Significantly, the multinational com­panies that moved into these markets immediately after the crash were able to capitalize on reduced costs of doing business in a market desperate for jobs, construction work, and investment. To cite one example: U.S. minerals producer AMCOL, through its subsidiary Chemdal (since acquired by the German firm BASF), invested in a superabsorbent polymer manu­facturing plant in Thailand in late 1997. The company purchased in­dustrial land for 30 percent less than the standard asking price from a domestic company that needed to quickly sell surplus property. In this atmosphere of economic uncertainty, experienced employees were easier to recruit and hire, and, because the Thai government was eager to court investors, the investment in­centives application and approvals process was accelerated. As Southeast Asia’s economies recovered, this formerly distressed facility became Chemdal’s most productive and profitable plant. Chemdal also ag­gressively entered the post-crash Korean market, which had lifted many of its restrictions against foreign acquirers, by purchasing a domestic bentonite mineral processing company for 20 percent of its former value.

Vietnam’s situation is likely to be less severe than the 1997 crisis. Unlike the other former Asian tigers, Vietnam has very little short-term foreign debt. This means Vietnam will have substantial resources to at least stave off the worst effects of currency flight, stock market collapses, corporate bankruptcy, and other random shocks. Also, much of its trade deficit follows naturally from the massive inflows of FDI in the past two years, which will strengthen the country’s long-term economic health. Capital outflows are relatively restricted, because the dong is not convertible; also, the Vietnamese currency is not floating as Thailand’s baht was before it plunged. Moreover, despite the de­cline in Vietnamese stocks this year, foreign investors have been net buyers of local shares.

Perhaps the greatest reason for optimism is the Vietnamese gov­ernment’s efforts to put the country on the fast track to asset price correction. Without an international bailout, but learning from the experience of countries that survived the 1997 debacle, Vietnamese authorities have raised interest rates three times this year to tame inflation; projects funded by government bonds, state-owned enterprise activities, and government overhead have all been reduced; and the State Bank has provided more U.S. dollars to local banks to stabilize illicit ex­change rates, a move that has lowered black-market dong–dollar ex­change rates from their June 2008 peak of 20,500 to 16,800 in September. With the rise in interest rates and the consequent decrease in liquidity, consumer spending and property prices have begun to fall significantly. Hence, it is believed that inflation has already begun to cool down.

Manufacturers producing for the local market and dependent on imported components will suffer the most now. As the dong weakens, these companies’ profits will fall because of both the increasing costs of materials and the decreasing purchasing power of their revenues.
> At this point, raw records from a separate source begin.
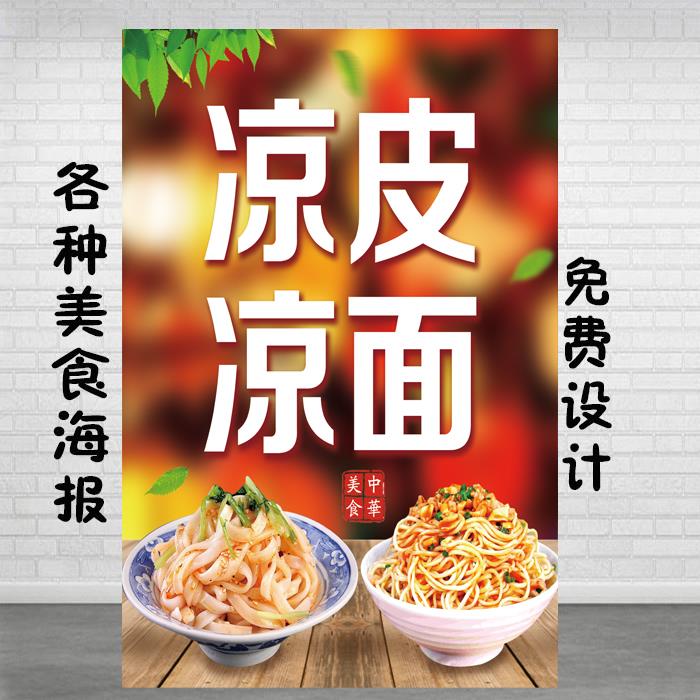 卷凉皮凉面图片海报广告宣传展板写真户外防水防晒背胶自贴KT灯箱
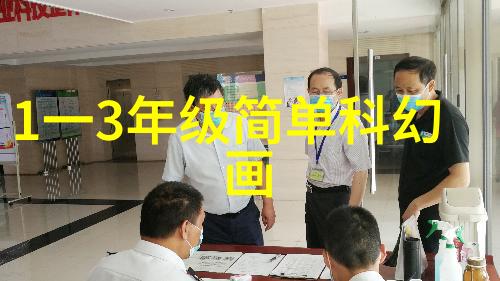浙江财经大学东方学院领航未来铸就卓越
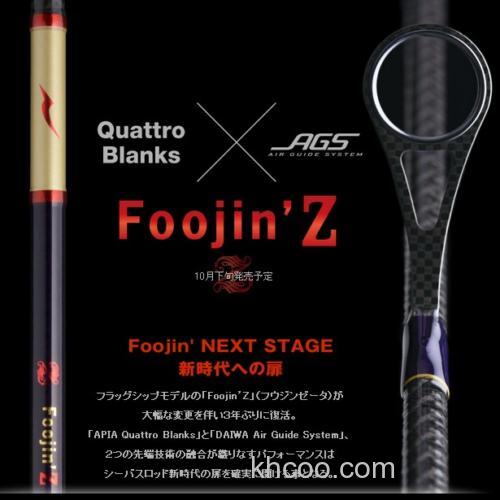 APIA SPARTAS foojin z 顶级海鲈钓竿_0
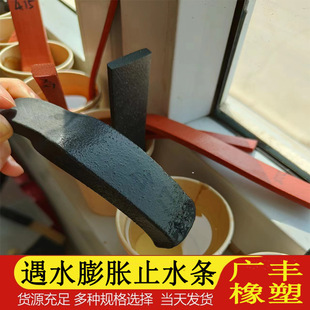 ��ˮ��Ûֹˮ�l BWā����PZ��Ʒ���ܷ��ˮ�z�l���zֹˮ������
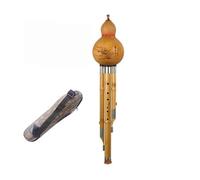 Hulusi Hulusi À Trois Tons Fournitures De Performance Professionnelle Instruments Scolaires(F Tone)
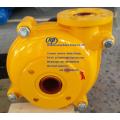 2/1.5B A05 impeller horizontal slurry pumps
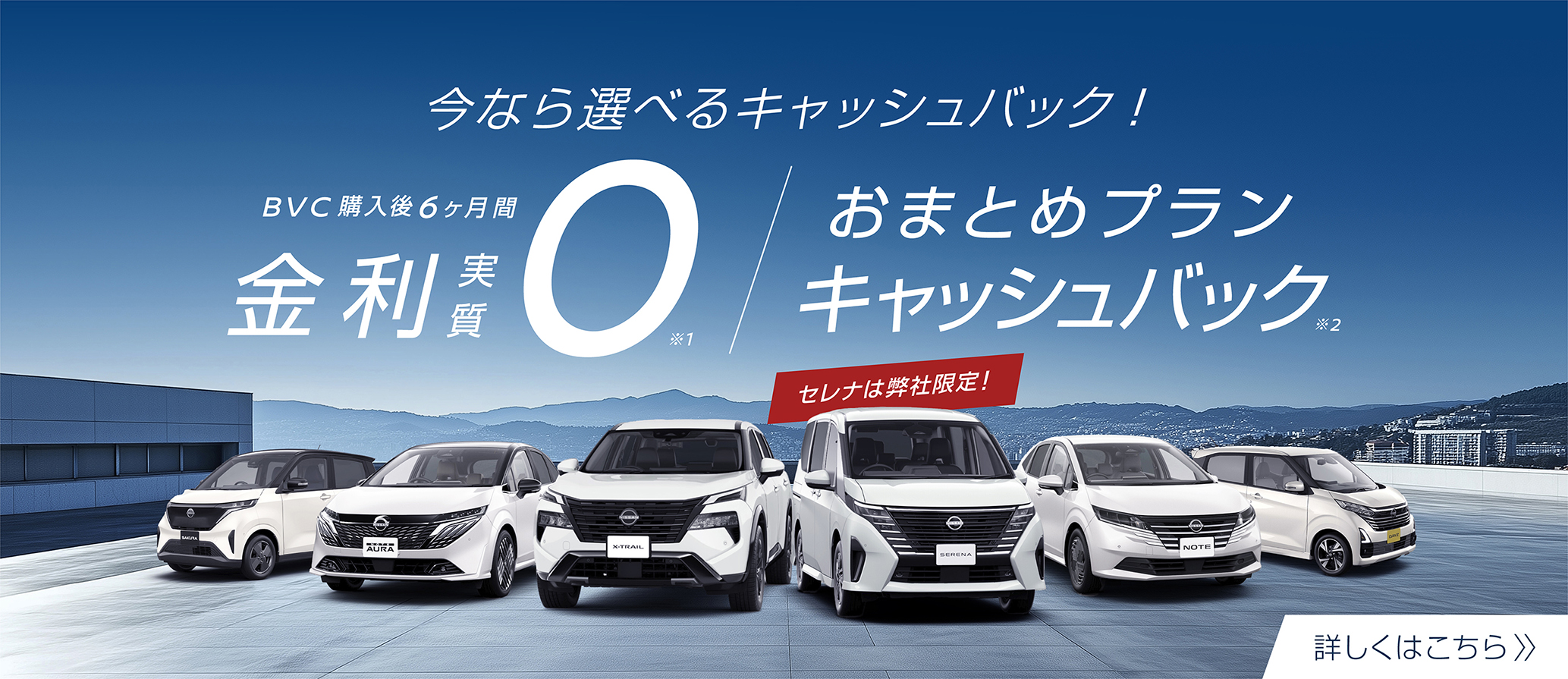 BVC・おまとめプラン金利半年分キャッシュバックキャンペーン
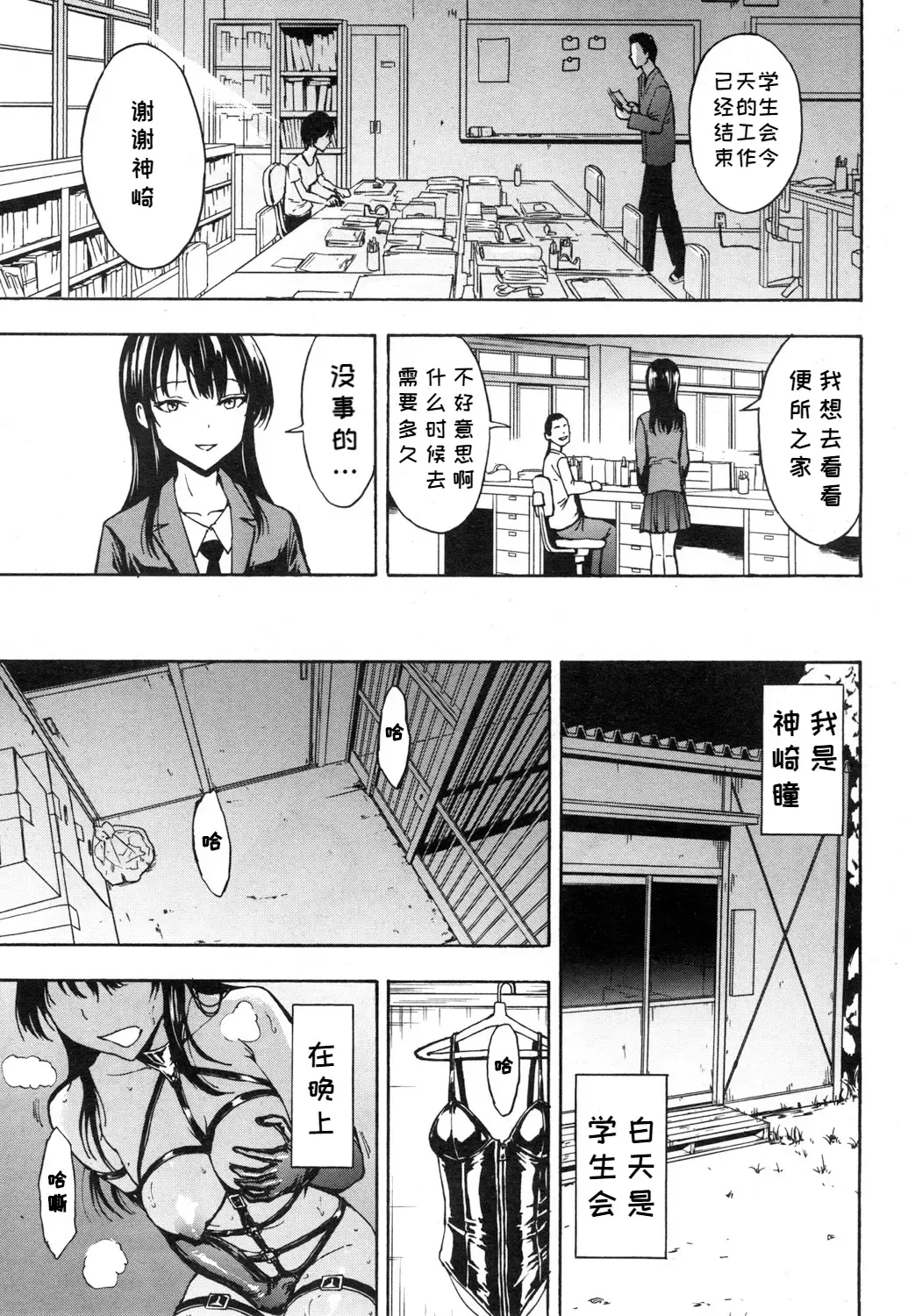 [Hakaba] Nikubenki Secchihou <Seitokaichou Kanzaki Hitomi no Baai> Fhentai - Page 1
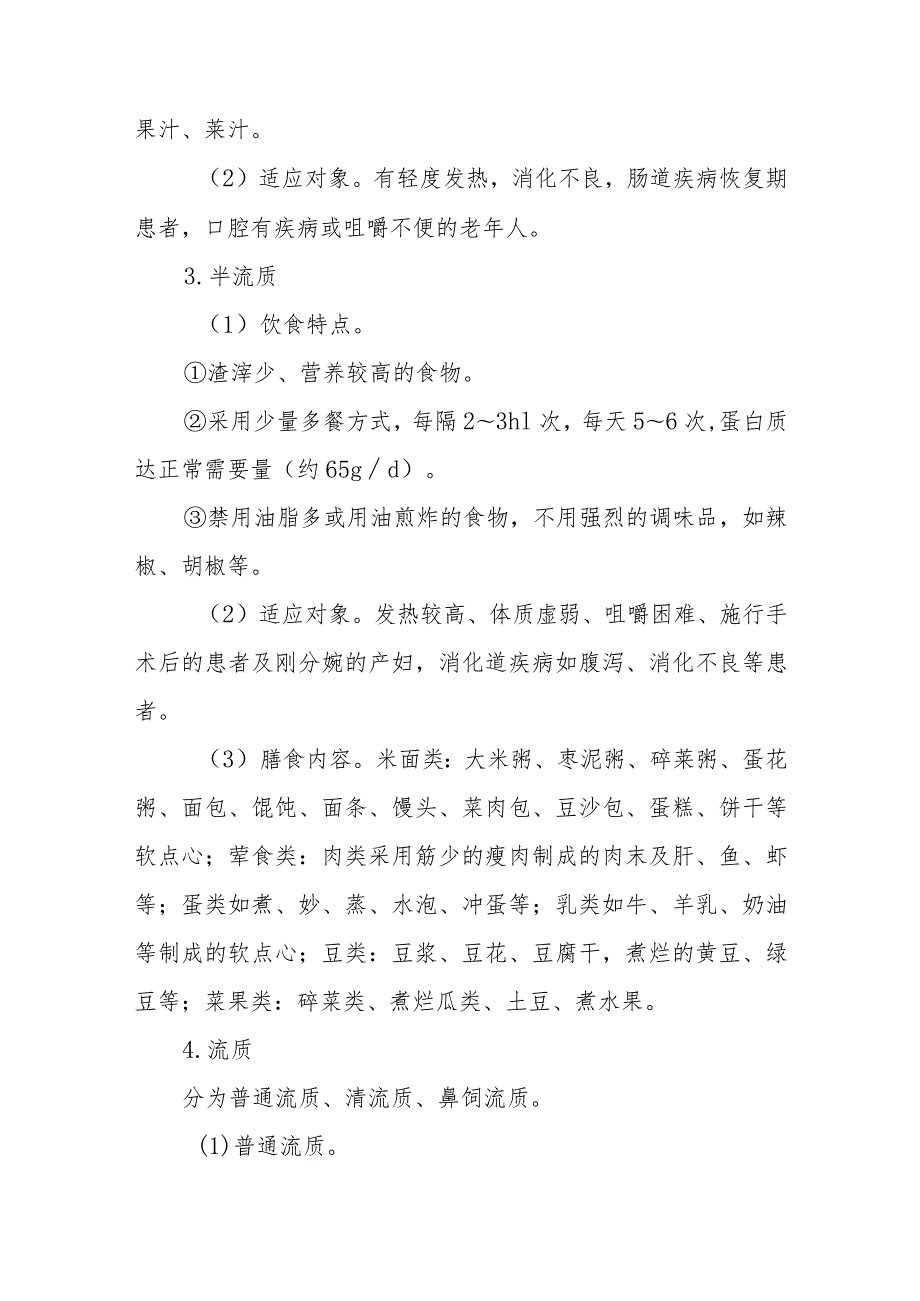 医院门诊病人合理饮食知识宣教健康教育.docx_第2页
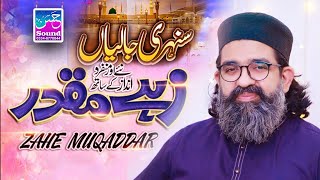 Zahe Muqaddar | Sunehri Jaliyan | Madina Madina | Shehzad Hanif Madani | Hassan Sound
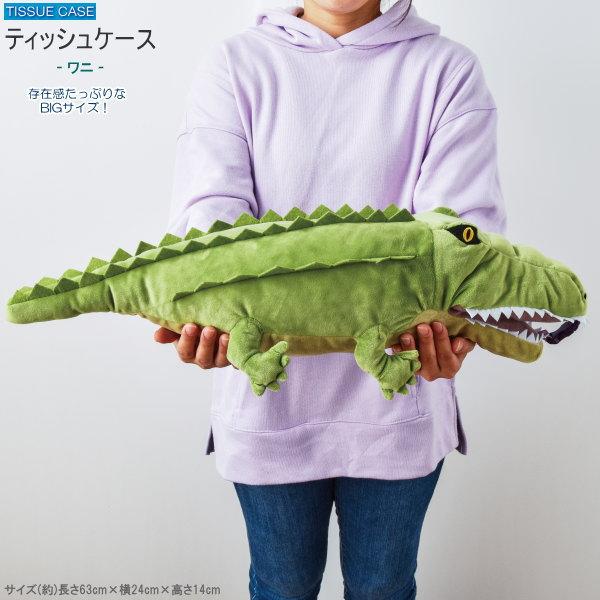 ティッシュカバー 大きなお口 ティッシュケース ワニ かわいい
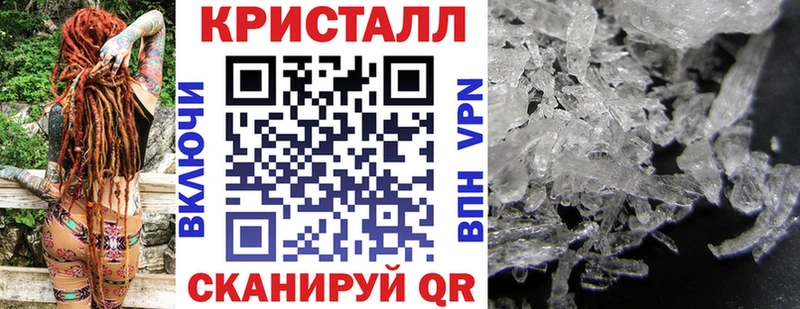 АМФЕТАМИН Premium  mega tor  Мглин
In the short term, multinationals should instead focus on exporting higher-value-added products from Vietnam and developing a skilled labor pool that will eventually be able to manufacture products for local as well as foreign markets. Talent is a scarce resource in Vietnam, and without it a company will be unable to take advantage of the country’s imminent future eco­nomic growth.

Service industries that are de­pendent on local market de­mand or that have relatively high exposure to the real estate sector will also pay a steep price during this down­turn. Architecture and engineering firms, advertising agencies that special­ize in financial services and real estate, and the real estate and financial-services industries themselves will be the hardest hit. By contrast, companies that can export their services or that begin to develop such operations, including the software de­velopment and design and engineering com­panies that are clustered around Ho Chi Minh City, are in the best position to weather this period and look forward to a lucrative future.

Author profiles:


Dennis J. Meseroll is a director of Tractus Asia Limited, a firm that focuses on Asian startup investments, acquisitions, and market opportunities.
Kendall K. Turner is a research analyst at Tractus.
Get s+b's award-winning newsletter delivered to your inbox. Sign up No, thanks
Illustration of flying birds delivering information
Get the newsletter

Sign up now to get our top insights on business strategy and management trends, delivered straight to your inbox twice a week.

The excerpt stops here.